In questa produzione romana, l’ambientazione è contemporanea ma non si individua un luogo od un’epoca precisa. Degli usurpatori hanno preso la terra e le donne ai legittimi proprietari che si ribellano per riavere il maltolto. La scena è unica, come nella produzione della Royal Opera House; nell’edizione britannica è la platea dell’Opéra- Palais Garnier a metà ottocento (con il coro nei palchi), in questa Peduzzi fa emergere il dramma collettivo ed individuale in una Sicilia arida, arsa dal sole, dove il mare trapela all’orizzonte ma solo nel secondo dei cinque atti (la rappresentazione è divisa in tre parti, con due intervalli per una durata complessiva di quattro ore e mezzo). Sembra di essere nella Sicilia centrale delle miniere di zolfo e delle cave di pietra. Gli elementi scenici sono semplici, anche a ragione di aspetti strutturali del Teatro dell’Opera, ma efficaci. C’è una lettura politica che si intreccia sia con il dramma intimo (la relazione tra padre e figlio) che tanto stava a cuore a Verdi sia con il contesto rivoluzionario.
La lettura musicale di Daniele Gatti, possibile grazie all’ottimo livello dell’orchestra del Teatro dell’Opera di Roma, è molto diversa da quelle, ad esempio, di Gianluigi Gelmetti, ascoltato a Napoli nel 2011, e dell’allor giovane, Riccardo Chailly in una produzione (della versione in italiano) a Bologna nel 1986, memorabile per il cast vocale, la regia di Luca Ronconi e le scene ed i costumi di Pasquale Grossi. Gatti, meglio di altri sottolinea come Verdi, da un lato, stringa i tempi di mezzo e, da un altro, intrecci temi conduttori (mnemonici, non wagneriani) specialmente quello del terzo atto (sul rapporto tra padre e figlio) con altri. I brevi tempi di mezzo sono una sfida per l’orchestra, che risponde brillantemente.

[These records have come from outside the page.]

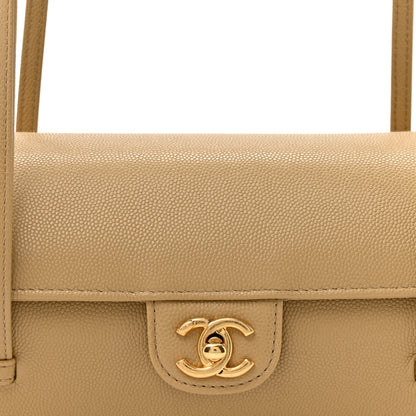 Chanel Shiny Caviar Preppy Coco Small Bowling Bag Dark Beige 8 of 10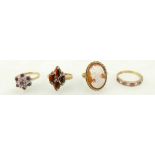 4 x 9ct hallmarked rings, gross weight 13.2g. Garnet, cameo and two with red and white stones.
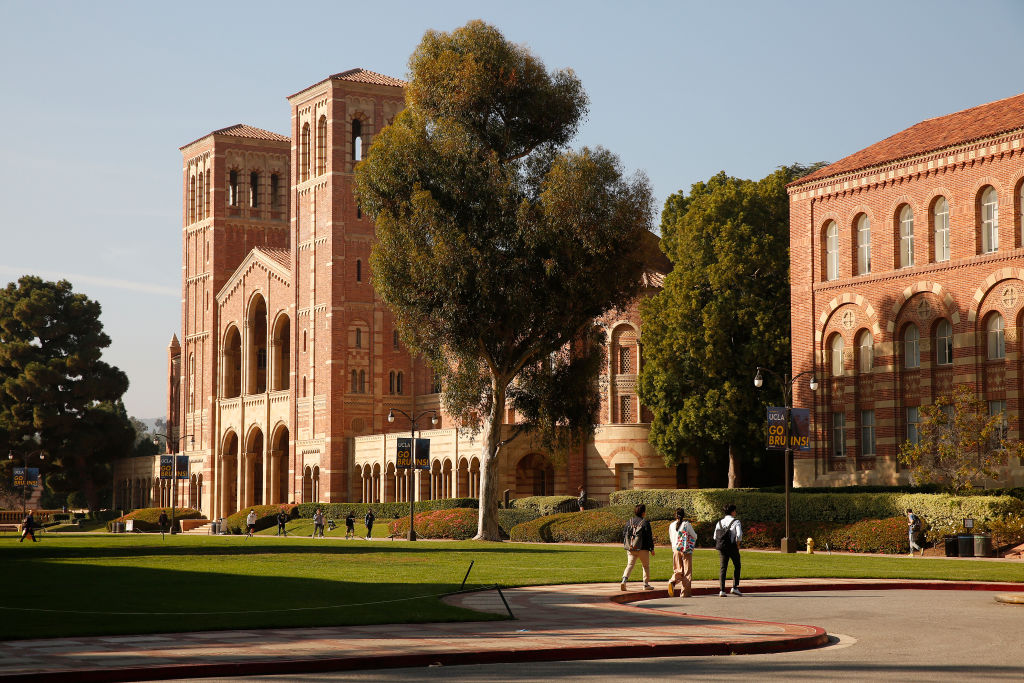 LOS ANGELES, CA - NOVEMBER 17: Royce Hall on the campus of the University of California, Los Angeles (UCLA) as UCLA lecturers and students celebrate after a strike was averted Wednesday morning. Lecturers across the UC system were planning to strike Wednesday and Thursday over unfair labor practices. UCLA on Wednesday, Nov. 17, 2021 in Los Angeles, CA.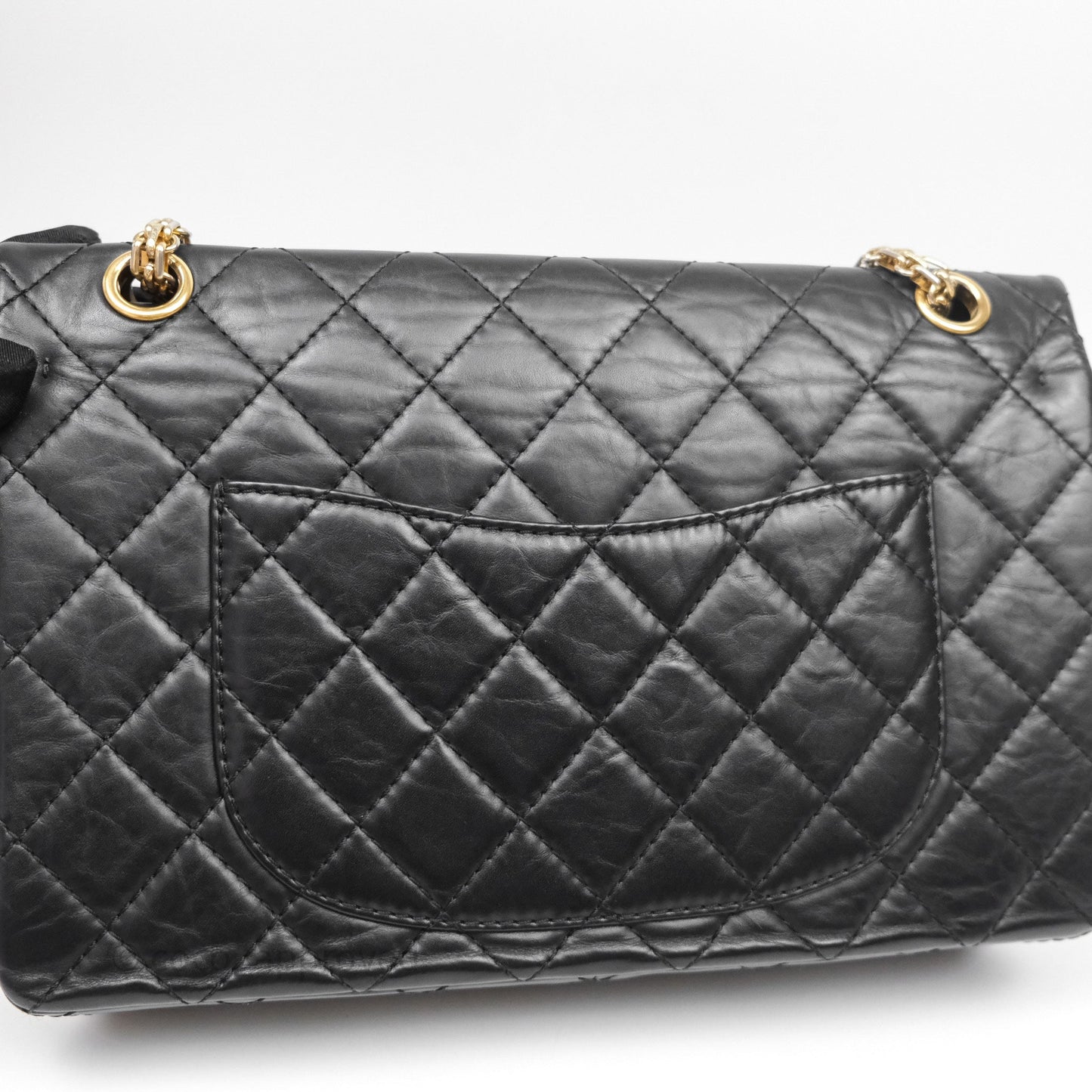 Chanel Reissue Quilted Aged Calfskin Black Gold Hardware 226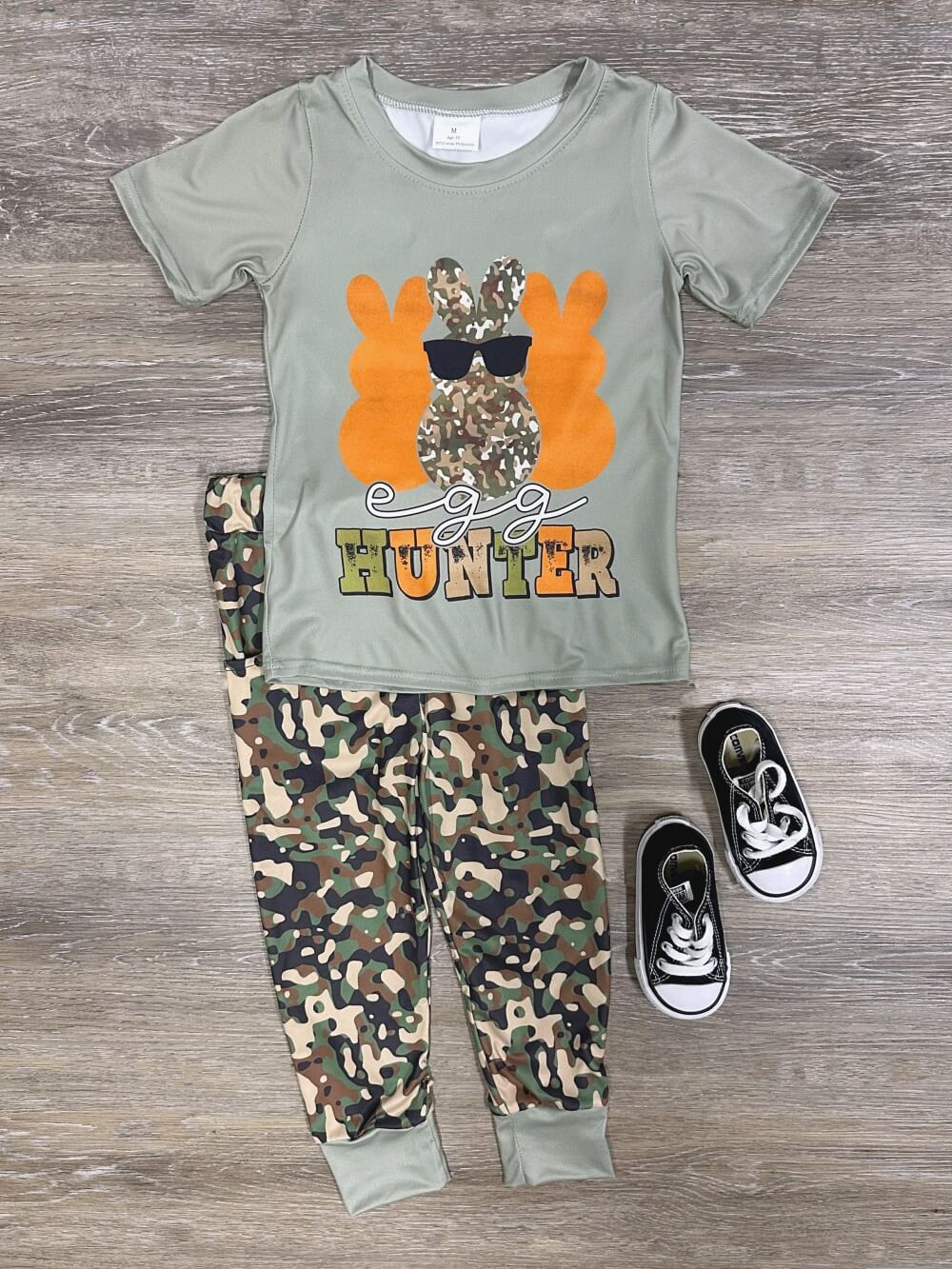 Baby Boys Easter Rabbit Hunter Shirts Tops Camo Pants Clothes Sets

Il motivo conduttore del rapporto tra padre e figlio assume una forte connotazione melodica che Gatti sottolinea già nella grande introduzione orchestrale.
Con un vero coup de théâtre il balletto del terzo atto non è il solito elemento decorativo che sfocia nella congiura contro i francesi, ma la rievocazione dell’antefatto politico tramite i ricordi (ed i sentimenti) dei protagonisti. Alcuni nel pubblico non hanno gradito, ma è stato calorosamente applaudito da gran parte degli spettatori.
Come in tutte le grand opéras ci sono numerosi personaggi in scena, ma i veri protagonisti sono quattro (Hélène, Henri, Guy de Monfort. Jean Procida) ed il coro diretto mirabilmente, come sempre, da Roberto Gabbiani.
I tre protagonisti maschili sono perfetti anche nella dizione in francese, sempre una sfida difficile per cantanti non di madre lingua. Pertusi è un Jean Procida, l’unico personaggio che non abbia uno sviluppo psicologico nell’opera, tutto di un pezzo; di grande impatto sin dalla cavatina Palerme, ô mon pays che gli ha meritato applausi a scena aperta. Lo Henry di John Osborn ha la giusta tessitura alta e splendidi acuti che sfoggia nel duetto con Roberto Frontali (Guy de Monfort) Au sein de ma puissance e nell’aria Ainsi vous gémissez. Altre occasioni per applausi a scena aperta. Héléne è Roberta Mantegna, un soprano drammatico di agilità) che ha iniziato una brillante carriera con il ”Progetto Fabbrica” del Teatro dell’Opera; nel primo atto ha contenuto il volume che è esploso negli altri, specialmente nell’aria Merci, jeunes amie del quinto atto. Come sempre di ottimo livello il coro.
Circa dieci minuti di applausi al calar del sipario.